Prefork pool: Celery with --pool prefork -c 4 would multiply its throughput. The C6 gap would widen.
Production data: Warm caches, thousands of existing jobs, concurrent writers. SQLite’s single-writer lock becomes a real constraint under contention.
Multi-machine: qler’s architecture cannot distribute. This is a feature boundary, not a performance one.
Large payloads: All jobs use minimal payloads. Serialization costs matter more with large JSON blobs.

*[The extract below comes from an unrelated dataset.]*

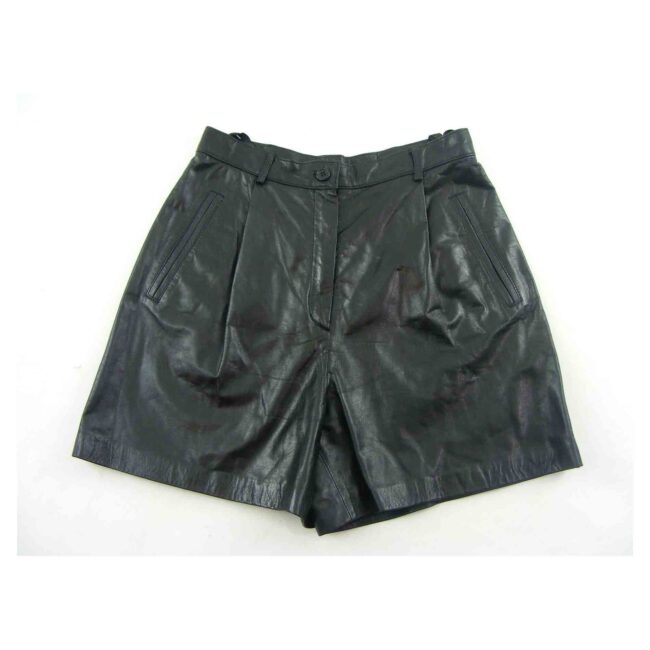 Shiny Black leather shorts - 10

The honest summary: qler wins on simplicity, cold start, and batch writes. Celery wins on sustained throughput and will always win on horizontal scaling. The 8x throughput gap is the price of not running Redis; for many applications, that price is worth paying.

Running It Yourself

git clone https://github.com/gabubelern/qler.git
cd qler
uv sync --all-groups

# Requires Redis running on localhost:6379
uv run --group bench python -m benchmarks run --suite comparison --scale small --warmup 1 --iterations 3 -v
uv run --group bench python -m benchmarks compare

Results land in benchmarks/COMPARISON.md. The suite enforces matched configuration, GC isolation, and measurement parity automatically.